34. Dem Erwerber, um den es im Ausgangsverfahren geht, ist es jedoch verwehrt, in dem betreffenden Tarifverhandlungsorgan mitzuwirken. Dieser Erwerber hat daher weder die Möglichkeit, im Rahmen eines zum Vertragsabschluss führenden Verfahrens seine Interessen wirksam geltend zu machen, noch die Möglichkeit, die die Entwicklung der Arbeitsbedingungen seiner Arbeitnehmer bestimmenden Faktoren mit Blick auf seine künftige wirtschaftliche Tätigkeit auszuhandeln.



35. Unter diesen Umständen ist die Vertragsfreiheit dieses Erwerbers so erheblich reduziert, dass eine solche Einschränkung den Wesensgehalt seines Rechts auf unternehmerische Freiheit beeinträchtigen kann.



36. Art. 3 der Richtlinie 2001/23 in Verbindung mit Art. 8 dieser Richtlinie ist aber nicht dahin auszulegen, dass er die Mitgliedstaaten zum Erlass von Maßnahmen ermächtigt, die zwar für die Arbeitnehmer günstiger sind, aber den Wesensgehalt des Rechts des Erwerbers auf unternehmerische Freiheit beeinträchtigen können (vgl. entsprechend Urteil vom 6. September 2012, Deutsches Weintor, C-544/10, noch nicht in der amtlichen Sammlung veröffentlicht, Randnrn. 54 und 58).
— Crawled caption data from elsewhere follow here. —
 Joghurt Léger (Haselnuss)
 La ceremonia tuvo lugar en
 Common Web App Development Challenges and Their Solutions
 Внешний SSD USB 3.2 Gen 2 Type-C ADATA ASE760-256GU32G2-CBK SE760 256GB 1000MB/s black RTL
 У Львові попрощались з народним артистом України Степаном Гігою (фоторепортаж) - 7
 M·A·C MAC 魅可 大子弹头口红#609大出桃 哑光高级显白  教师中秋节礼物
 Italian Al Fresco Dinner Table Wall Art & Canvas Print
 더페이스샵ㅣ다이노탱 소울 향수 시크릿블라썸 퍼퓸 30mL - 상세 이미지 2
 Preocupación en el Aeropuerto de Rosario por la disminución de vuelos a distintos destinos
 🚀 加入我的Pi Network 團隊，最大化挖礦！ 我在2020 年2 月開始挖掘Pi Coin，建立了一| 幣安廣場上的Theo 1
37. Nach alledem ist auf die drei vorgelegten Fragen zu antworten, dass Art. 3 der Richtlinie 2001/23 dahin auszulegen ist, dass er es einem Mitgliedstaat verwehrt, vorzusehen, dass im Fall eines Unternehmensübergangs die Klauseln, die dynamisch auf nach dem Zeitpunkt des Übergangs ausgehandelte und abgeschlossene Kollektivverträge verweisen, gegenüber dem Erwerber durchsetzbar sind, wenn dieser nicht die Möglichkeit hat, an den Verhandlungen über diese nach dem Übergang geschlossenen Kollektivverträge teilzunehmen.



Kosten



38. Für die Parteien des Ausgangsverfahrens ist das Verfahren ein Zwischenstreit in dem bei dem vorlegenden Gericht anhängigen Rechtsstreit; die Kostenentscheidung ist daher Sache dieses Gerichts. Die Auslagen anderer Beteiligter für die Abgabe von Erklärungen vor dem Gerichtshof sind nicht erstattungsfähig.